Despite being a heavily researched topic, Adversarial Training (AT) is rarely, if ever, deployed in practical AI systems for two primary reasons: (i) the gained robustness is frequently accompanied by a drop in generalization and (ii) generating adversarial examples (AEs) is computationally prohibitively expensive. To address these limitations, we propose SMAAT, a new AT algorithm that leverages the manifold conjecture, stating that off-manifold AEs lead to better robustness while on-manifold AEs result in better generalization. Specifically, SMAAT aims at generating a higher proportion of off-manifold AEs by perturbing the intermediate deepnet layer with the lowest intrinsic dimension. This systematically results in better scalability compared to classical AT as it reduces the PGD chains length required for generating the AEs. Additionally, our study provides, to the best of our knowledge, the first explanation for the difference in the generalization and robustness trends between vision and language models, ie., AT results in a drop in generalization in vision models whereas, in encoder-based language models, generalization either improves or remains unchanged. We show that vision transformers and decoder-based models tend to have low intrinsic dimensionality in the earlier layers of the network (more off-manifold AEs), while encoder-based models have low intrinsic dimensionality in the later layers. We demonstrate the efficacy of SMAAT; on several tasks, including robustifying (i) sentiment classifiers, (ii) safety filters in decoder-based models, and (iii) retrievers in RAG setups. SMAAT requires only 25-33% of the GPU time compared to standard AT, while significantly improving robustness across all applications and maintaining comparable generalization.

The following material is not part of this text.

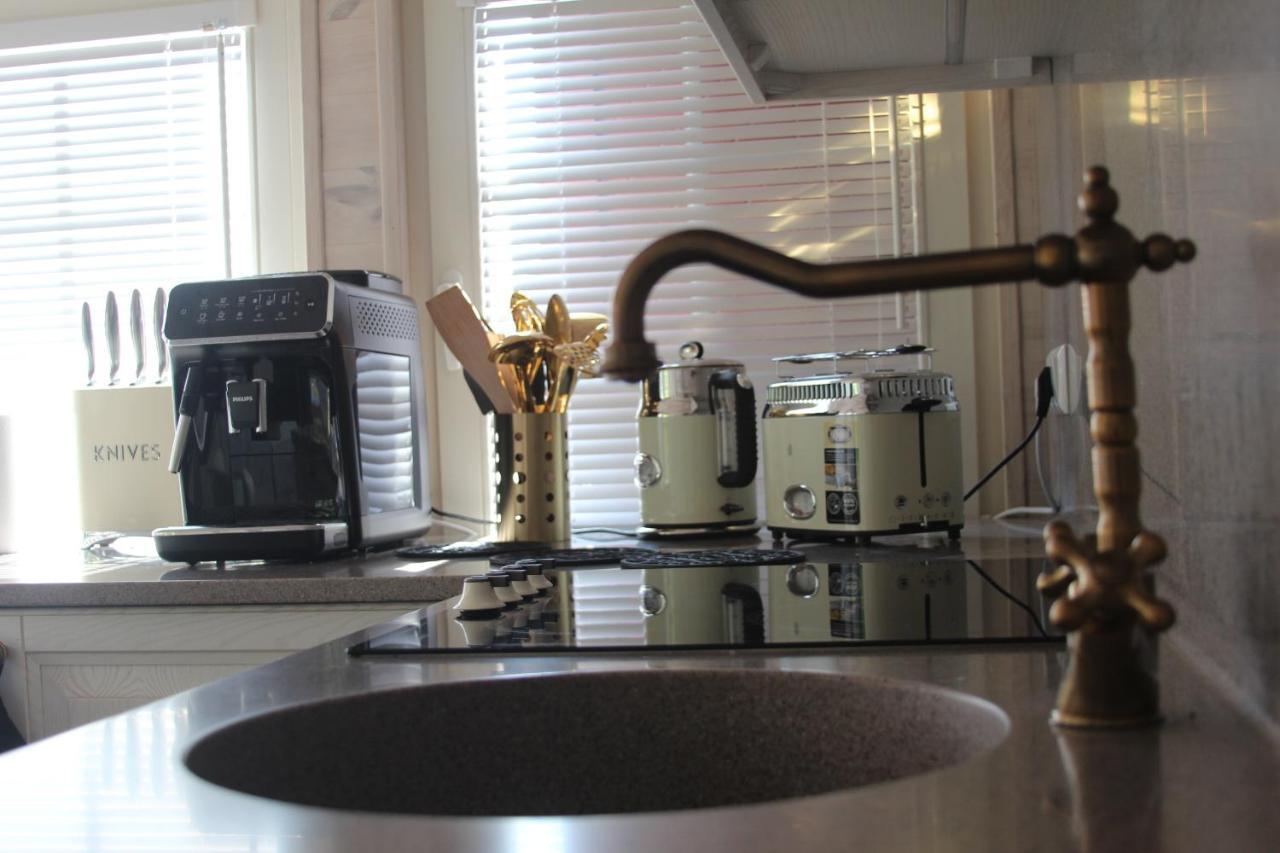 Heritage House Nida With 2 Bedrooms & Free Parking Kültér fotó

翻译：尽管对抗训练（AT）是一个被广泛研究的课题，但在实际的AI系统中却很少甚至从未得到部署，主要原因有二：（i）所获得的鲁棒性常常伴随着泛化性能的下降；（ii）生成对抗样本（AEs）的计算成本过高。为应对这些局限，我们提出了SMAAT，一种新的对抗训练算法。该算法基于流形猜想，即离流形对抗样本能带来更好的鲁棒性，而在流形对抗样本则能实现更好的泛化。具体而言，SMAAT旨在通过扰动具有最低本征维度的中间深度网络层，来生成更高比例的离流形对抗样本。与经典对抗训练相比，这系统性提升了可扩展性，因为它缩短了生成对抗样本所需的PGD链长度。此外，据我们所知，本研究首次解释了视觉模型与语言模型在泛化与鲁棒性趋势上的差异：即对抗训练会导致视觉模型泛化性能下降，而在基于编码器的语言模型中，泛化性能要么提升要么保持不变。我们发现，视觉Transformer和基于解码器的模型倾向于在网络较早的层中具有较低的本征维度（产生更多离流形对抗样本），而基于编码器的模型则在较深层具有较低的本征维度。我们验证了SMAAT的有效性：在多项任务中，包括（i）情感分类器的鲁棒化，（ii）基于解码器模型中的安全过滤器，以及（iii）RAG设置中的检索器。与标准对抗训练相比，SMAAT仅需25-33%的GPU时间，同时在所有应用中显著提升鲁棒性，并保持相当的泛化性能。